Vessels, a Research Residency at LABoral

The project by Sofian Audry, Stephen Kelly and Samuel St-Aubin includes 50 aquatic unmanned vehicles that interact among each other and with their immediate environmnent to create their own micro system.

Published: Aug 12, 2013
Vessels, a Research Residency at LABoral

Vessels by Sofian Audry, Stephen Kelly and Samuel St-Aubin. Photo: Courtesy of the artists.

By Semíramis González (@semiramis_glez), Semíramis en Babilonia.

Throughout August, the artistic residency by Sofian Audry, Stephen Kelly and Samuel St-Aubin, which is based on the Vessels project, will take place at LABoral.

Vessels is a collective work in which 50 aquatic vehicles interact among each other and with their immediate environment to create their own micro system.

This residency project, as with the main line of LABoral, supports technology and its relationship with art, but goes even further by exploring its relationship with human beings. It comes as no surprise, therefore, that Vessels stems from a concept such as artificial life, something which might be seen as removed from artistic creation at first sight, yet in fact, it is highly relevant, especially in the way it connects with spectators and their interaction with the work.

Since art work stopped being an autonomous and aseptic entity, submitted to the tyranny of the pedestal, the history of art started to value all those approaches that were directly involved with life and the observer, who became an active agent to complete the meaning of the work.

Vessels works in this way: the 50 aquatic vehicles have two sensors which react to external stimuli, without it being possible to foresee what their responses may be; in such a manner, if one of them changes its behaviour in reaction to variations in sound, temperature, water or light, this will lead to its neighbours being affected by the change. In this way, a network of random behaviour is created while we become witnesses of the robots’ reactions, since they are completely autonomous with no central computer controlling their responses, and each work is turned into an independent organic laboratory, only in relation to its neighbours.

Vessels by Sofian Audry, Stephen Kelly and Samuel St-Aubin. Photo: Courtesy of the artists.

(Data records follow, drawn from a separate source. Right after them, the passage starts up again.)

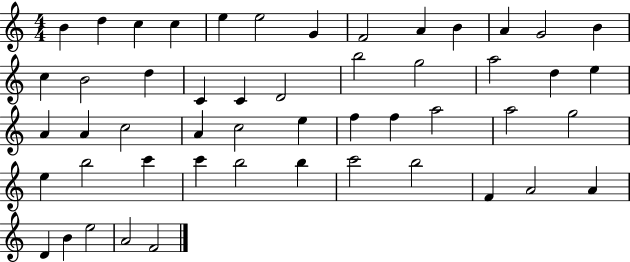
B4/q D5/q C5/q C5/q E5/q E5/h G4/q F4/h A4/q B4/q A4/q G4/h B4/q C5/q B4/h D5/q C4/q C4/q D4/h B5/h G5/h A5/h D5/q E5/q A4/q A4/q C5/h A4/q C5/h E5/q F5/q F5/q A5/h A5/h G5/h E5/q B5/h C6/q C6/q B5/h B5/q C6/h B5/h F4/q A4/h A4/q D4/q B4/q E5/h A4/h F4/h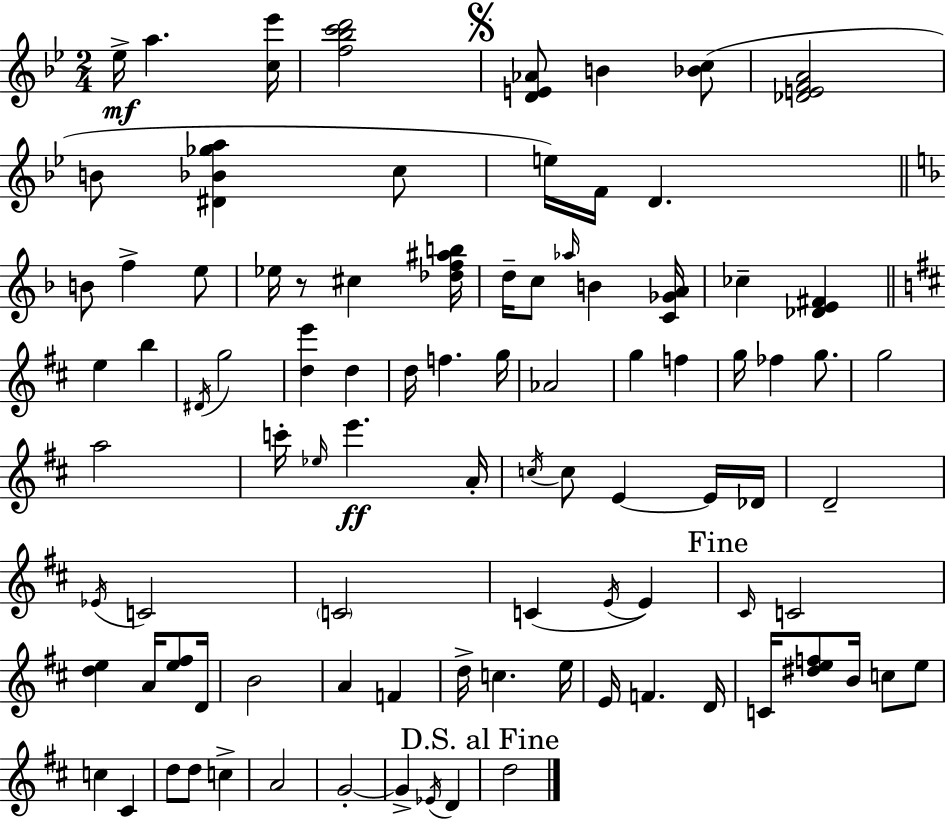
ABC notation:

X:1
T:Untitled
M:2/4
L:1/4
K:Bb
_e/4 a [c_e']/4 [f_bc'd']2 [DE_A]/2 B [_Bc]/2 [_DEFA]2 B/2 [^D_B_ga] c/2 e/4 F/4 D B/2 f e/2 _e/4 z/2 ^c [_df^ab]/4 d/4 c/2 _a/4 B [C_GA]/4 _c [_DE^F] e b ^D/4 g2 [de'] d d/4 f g/4 _A2 g f g/4 _f g/2 g2 a2 c'/4 _e/4 e' A/4 c/4 c/2 E E/4 _D/4 D2 _E/4 C2 C2 C E/4 E ^C/4 C2 [de] A/4 [e^f]/2 D/4 B2 A F d/4 c e/4 E/4 F D/4 C/4 [^def]/2 B/4 c/2 e/2 c ^C d/2 d/2 c A2 G2 G _E/4 D d2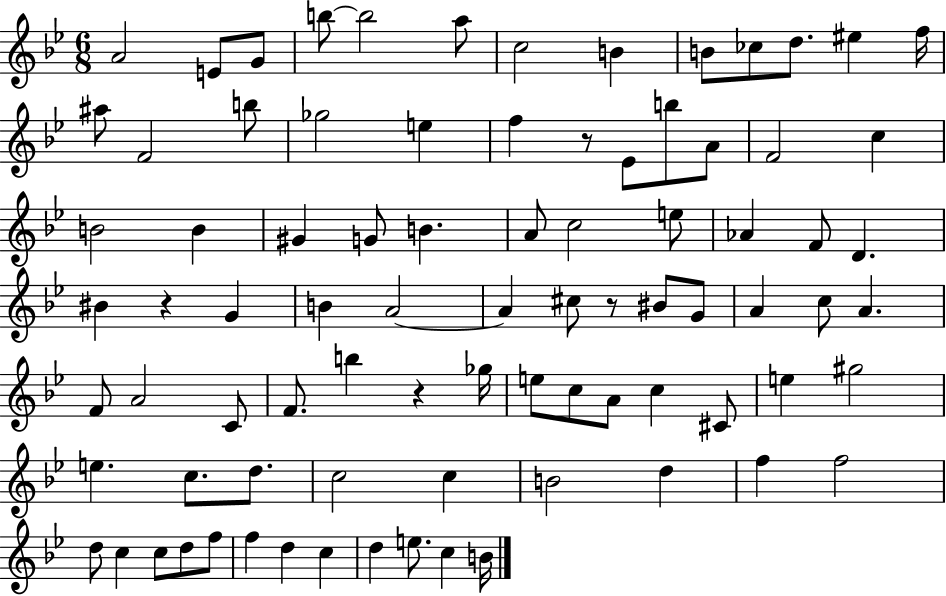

This creates a simple ecosystem generated by the robots themselves and their particular environment. In this case, a special swimming pool has been set up in the Sala de Proyectos [Projects Room] at LABoral where research into Vessels will be carried out until 31 of this month.

 

The other main part of this project is the reaction of the spectator: although the robots act in one way or the other depending on environmental stimulus, we are ultimately the ones who observe and interpret what is happening and determine the reasons for their change in behaviour. It is us who are able to attribute intentions and motivations to their actions, and thereby try to understand the relationship established between one work and another, and its links with the rest.

The robots are transformed into autonomous, independent beings, constantly adapting to their specific habitat where they live; their vague and uncertain movements at the start end up generating a collective learning which entails that a joint network of behaviours is created among all the works; this is a continuous narrative which involves adapting to external changes and getting accustomed to them, to achieve together that resilience is part of the process and the conclusion.

 

Vessels by Sofian Audry, Stephen Kelly and Samuel St-Aubin. Photo: Courtesy of the artists.

The conceptual approach which underpins this research is how the pieces are linked, imitating the way in which living beings communicate among each other, creating networks of activities that depend on our environment and our interaction with others. We also shouldn´t overlook the growing interest in our relationship with nature, our way of connecting in line with the behaviour of other living creatures and the potential this has for being fostered through technological development.

During the whole of August, while the artistic residency is being developed, various presentations will be made to the public who will be able to go to the exhibition hall and interact with the ‘live’ works.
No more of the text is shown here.